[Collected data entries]
○ ○ ○
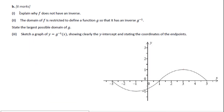Let's go to part one: explain why f doesn't have an inverse. We know only a one-to-one function has an inverse function. If f doesn't have an inverse, it's definitely not a one-to-one function.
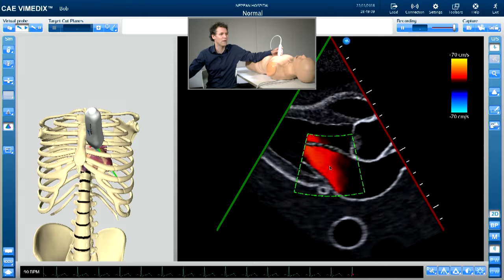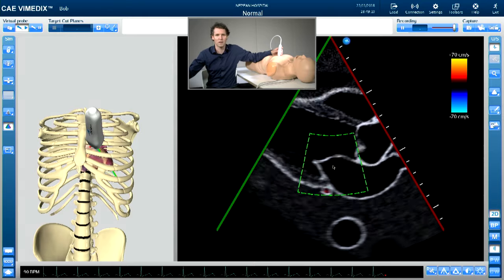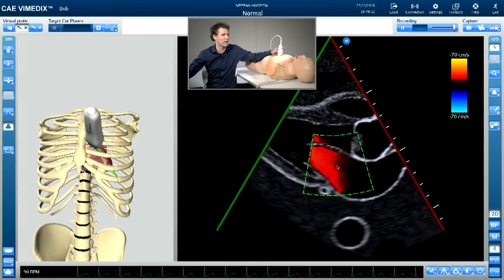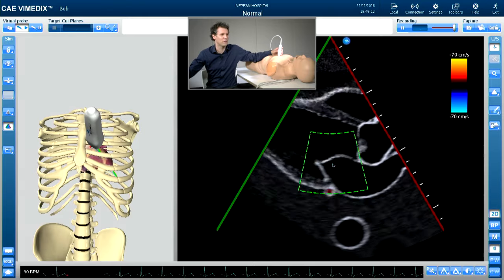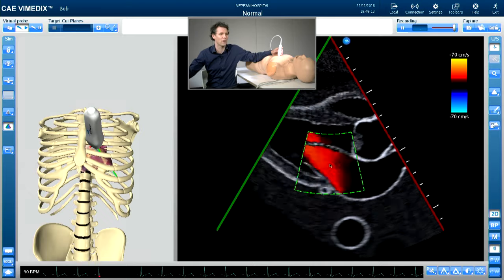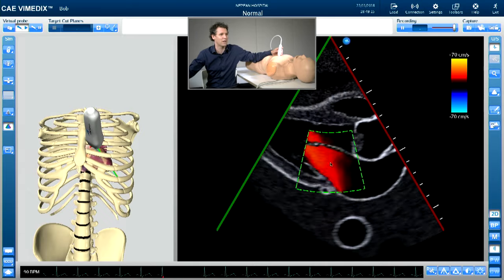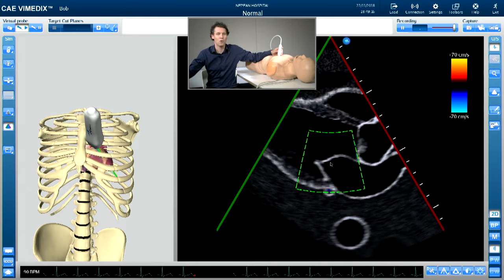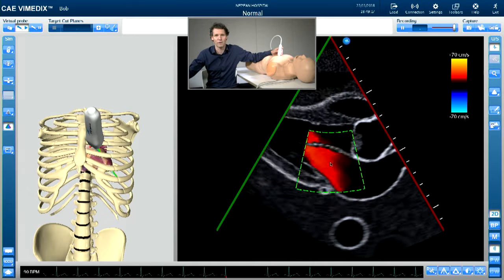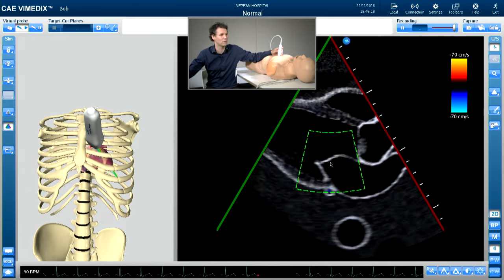You're then going to move that color box down onto the mitral valve to see if you've got any regurgitation going into the left atrium or turbulent blood flow suggesting stenosis.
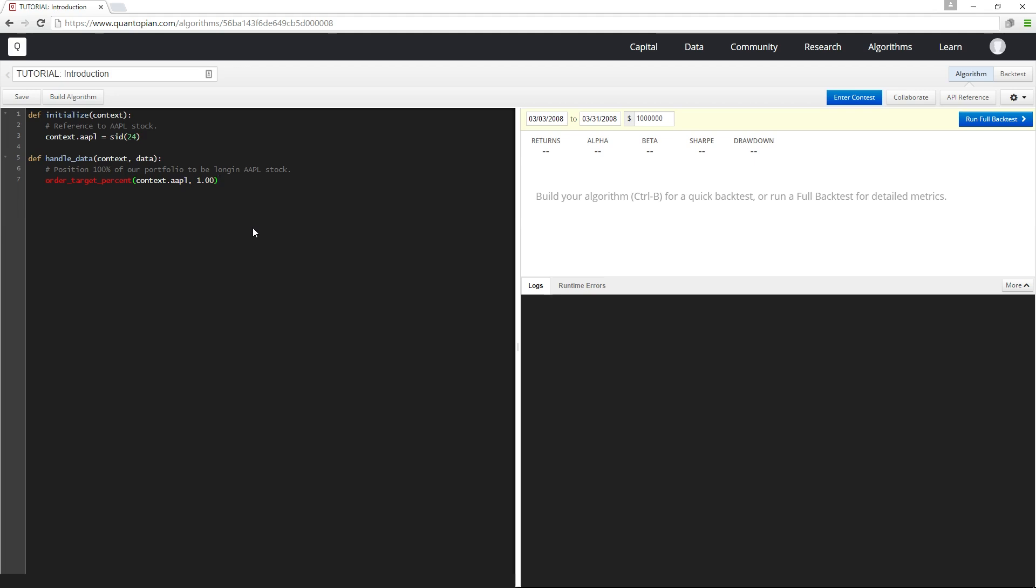The initialize function here gets run once at the start of the program and creates a reference to the Apple stock. Then handle_data gets called once per minute and rebalances so that our portfolio is always 100% long in Apple stock.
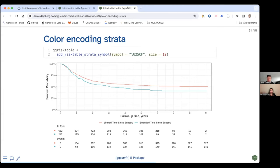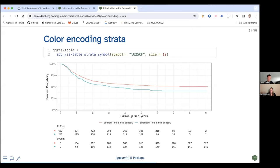There's a question: does the ggsurfit package work with survey Cox PH or survey-weighted survival models? This package is all about univariate analyses, not Cox regression, so for survey Cox models the answer is no. For weighted Kaplan-Meier in R, I'm not sure. If you'd like to know, post a code example on the GitHub page and I can check if it would be compatible with ggsurfit. If not, we can put it in a future feature request.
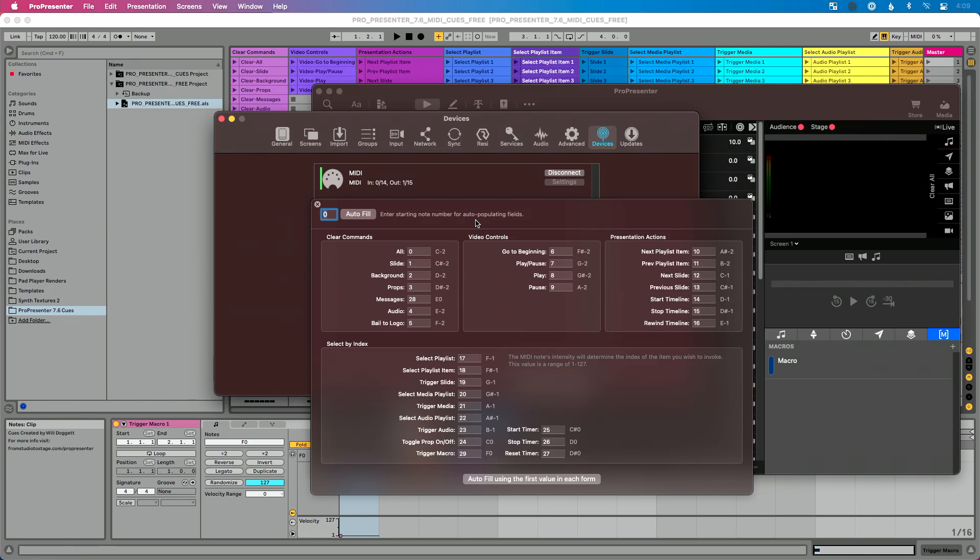So if you go to the MIDI screen in ProPresenter where you're probably used to living if you've ever done this before, you see we have a brand new MIDI command called trigger macros. Now in order to use this MIDI queues file with this brand new feature,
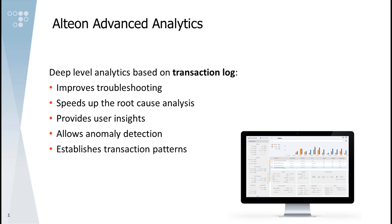Alteon Advanced Analytics provides deep-level analytics based on transaction information. It improves troubleshooting and speeds up root cause analysis. It also provides user insights and enables anomaly detection.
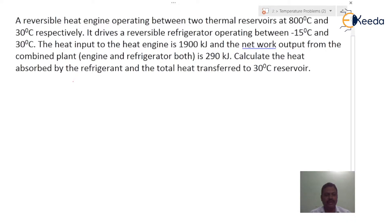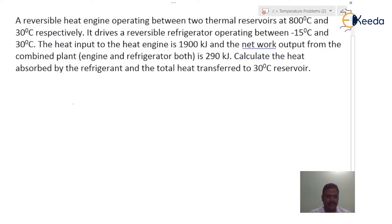In all second law of thermodynamics problems, we should always write the block diagram first. If the block diagram is written, then 50% of the problem is solved. So let us start with the reversible heat engine.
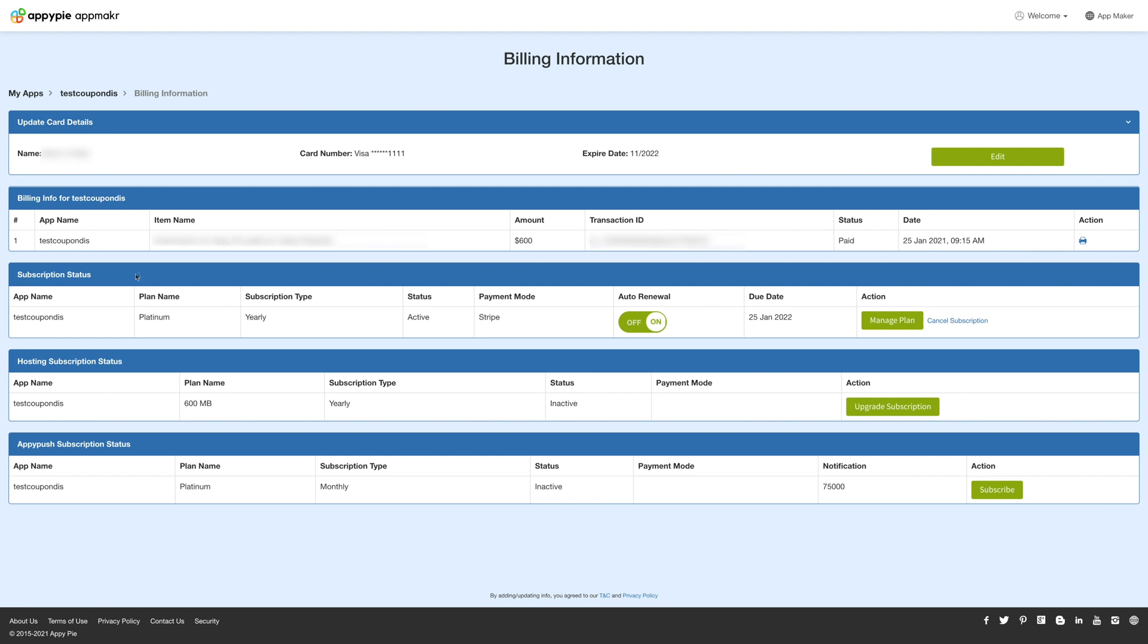Under subscription status you can check your app name, current plan, subscription type, monthly or yearly, status, payment mode, and due date.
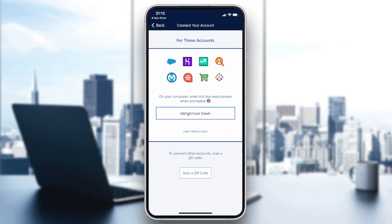In my case, the two words are 'dangerous town'. The Salesforce organization on your desktop or website will ask you for these two keywords, you add them, and you will have successfully set up your authenticator. That's it — thank you for watching and see you next time!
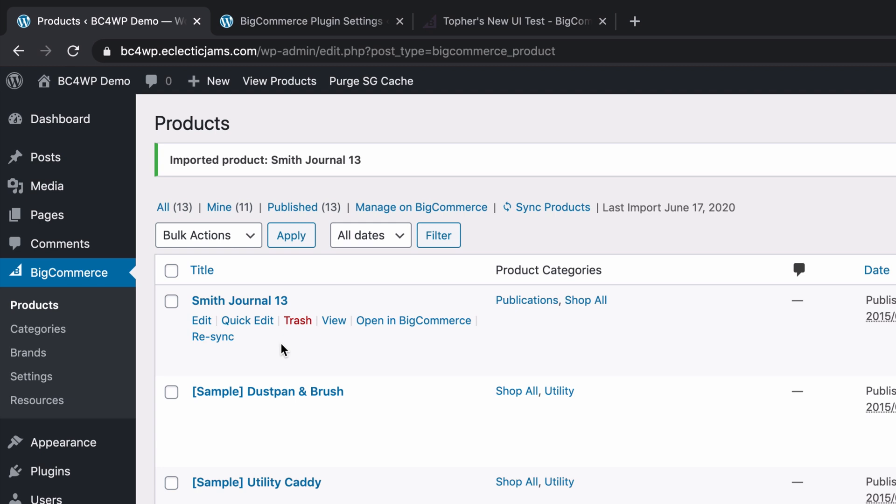You can make any change, not just the name, any change to that product, and then come back here and re-sync and it will update that one product.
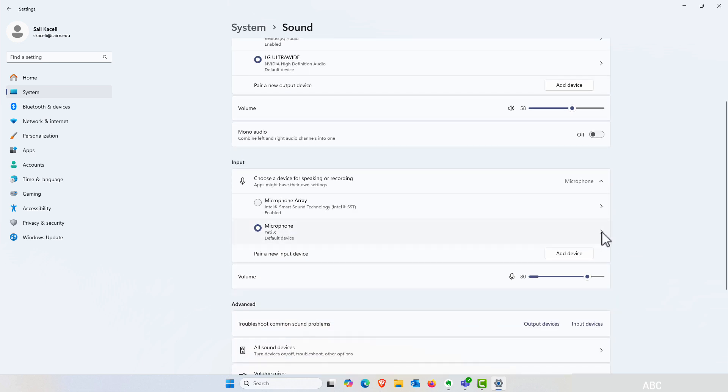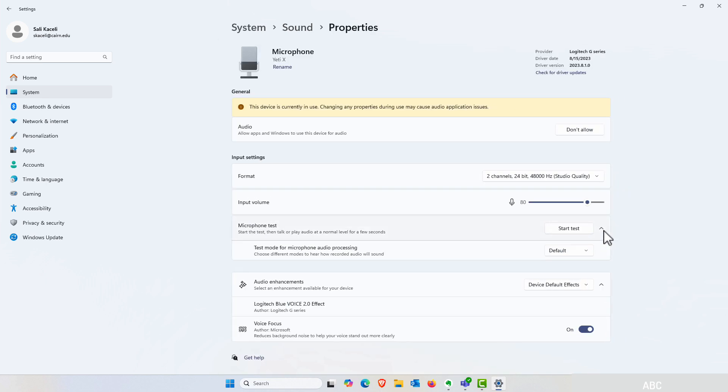Click on the arrow on the right-hand side, and then you have the option here for the test and also the option for the default microphone audio processing mode.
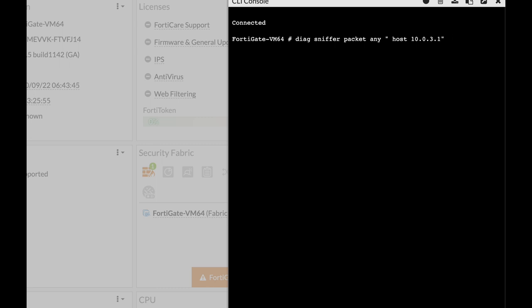Next comes the verbosity, that is the amount of data that you want to include. I will choose four and we can also add up the count, that is the packet count. So let's add up 10 packets and if you want a timestamp you can add the A letter.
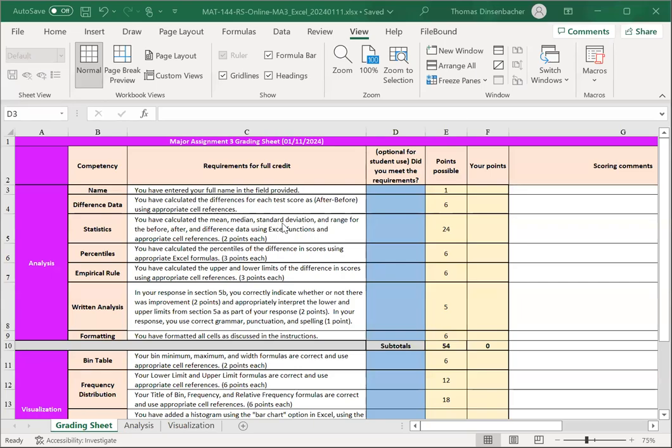In this video, we'll discuss the grading sheet for Major Assignment 3. This is your last assignment for Math 144, and it's a bit shorter.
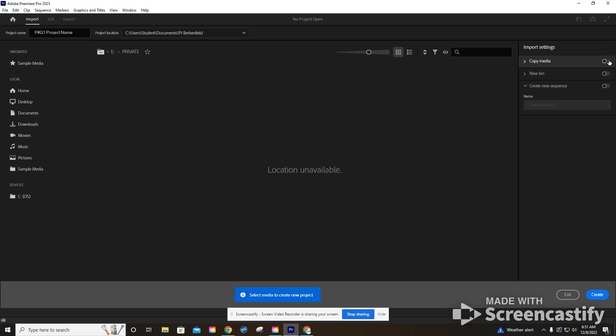But we do want to turn on copy media. That will be important later. We might have to turn that on again, but for now, we're just going to go ahead and turn it on, and we're going to click create.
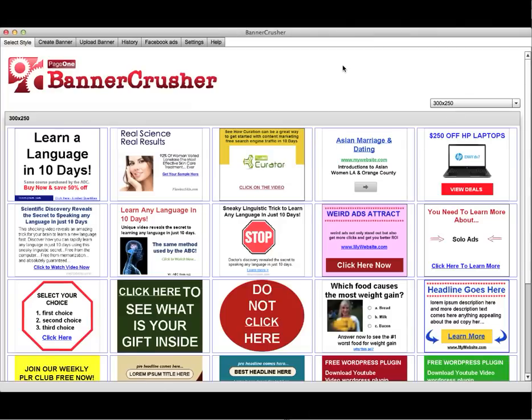This powerful tool will create banner ads for all types of advertising — paid traffic, CPA, all the attention-grabbing advertising that you need. It will create all the Facebook options you need, and it will create Facebook Timeline Banners. That's Banner Crusher.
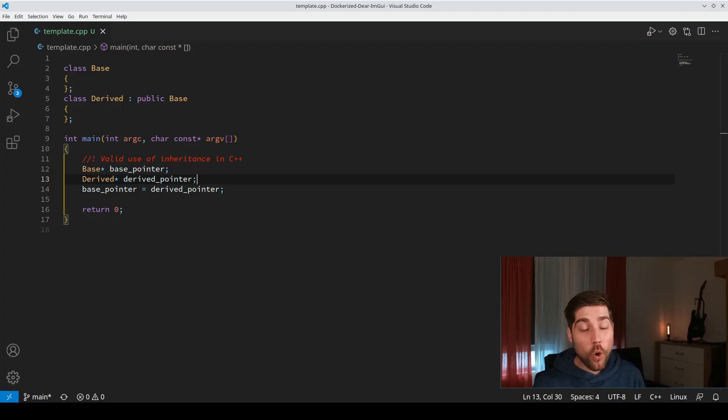Templates are powerful in C++ but sometimes they run into problems that are difficult to solve. Today I show you the coercion by member template pattern. Sounds scary, let's see which problem it actually solves.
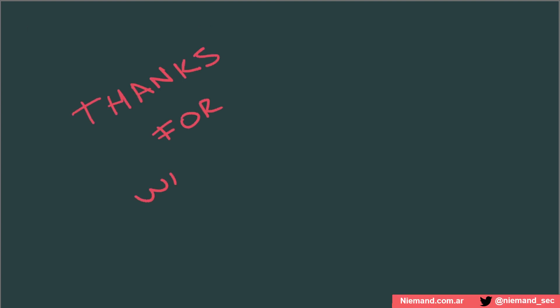Let me know in the comments if you want more videos like this or what kind of contents do you like. Thanks for watching and hope to see you soon, bye!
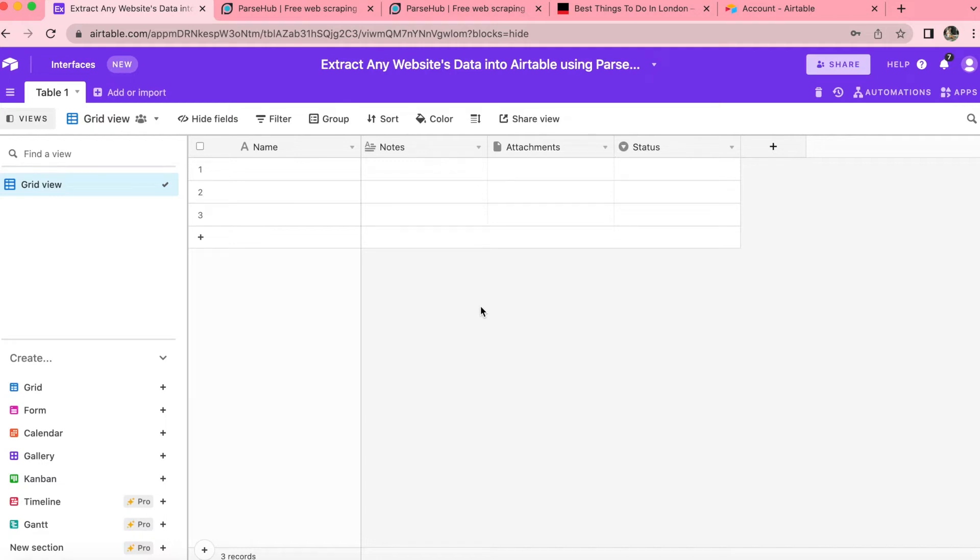Hello and welcome. So today we are going to learn how to extract any website's data into Airtable using ParseHub via Data Fetcher.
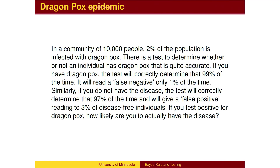Here is the standard problem. In a community of 10,000 people, 2% of the population is infected with dragon pox. There is a test to determine whether or not an individual has dragon pox that is quite accurate. If you have dragon pox, the test will correctly determine that 99% of the time, and will read a false negative only 1% of the time. Similarly, if you do not have the disease, the test will correctly determine that 97% of the time and will give a false positive reading to 3% of the disease-free individuals.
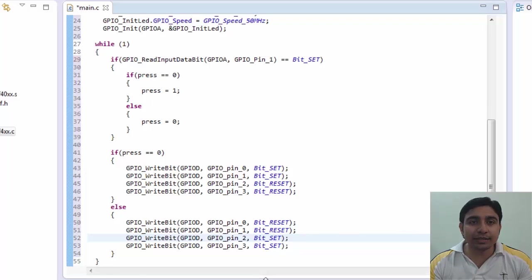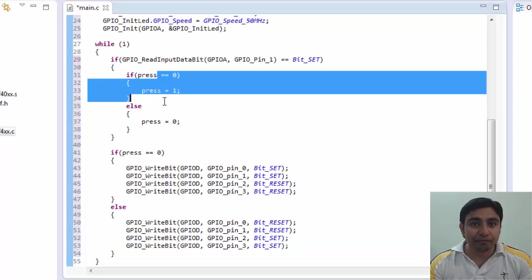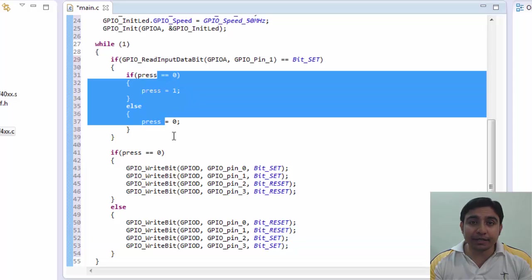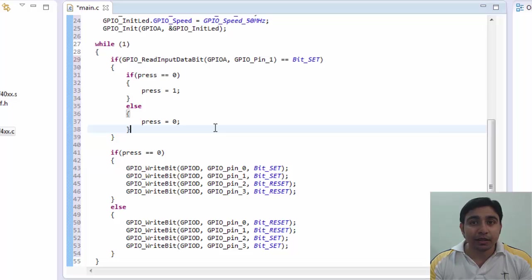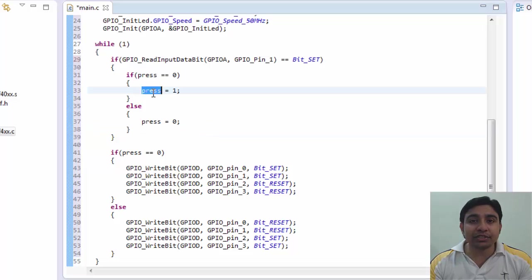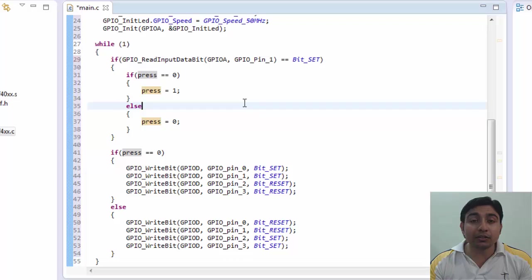Now you can see that I am changing the press integer value on the basis of if the button is pressed. If button is pressed then I am changing the press integer value. If it is 1 then I am changing it to 0 or if it is 0 then I am changing it to 1. That's because on the basis of this press value I am switching on and off the leds.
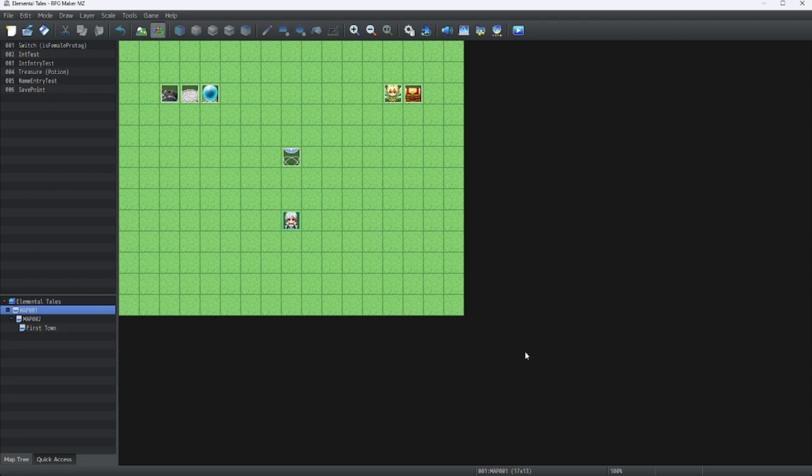Hello, everybody! Welcome back to more RPG Maker MZ tutorials. In this lesson, we will cover how to install plugins into your RPG Maker projects.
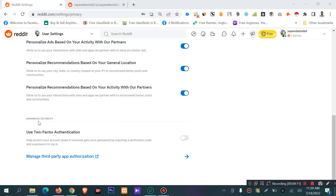Under advanced security, there is a two-factor authentication option. This helps protect your account even if someone gets your password, by requiring a verification code in addition to your password to log in. If someone has your password, they still cannot log in to your account because of two-step verification.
○ ○ ○
WHAT THE TASK ASKS
Starting with the line that has "In all second" and going on through the line that has "You can make", transcribe the records above exactly, but skip the pictures.

EXERCISE RESULT
In all second law of thermodynamics problems, we should always write the block diagram first. If the block diagram is written, then 50% of the problem is solved. So let us start with the reversible heat engine.
Under subscription status you can check your app name, current plan, subscription type, monthly or yearly, status, payment mode, and due date.
In my case, the two words are 'dangerous town'. The Salesforce organization on your desktop or website will ask you for these two keywords, you add them, and you will have successfully set up your authenticator. That's it — thank you for watching and see you next time!
You can make any change, not just the name, any change to that product, and then come back here and re-sync and it will update that one product.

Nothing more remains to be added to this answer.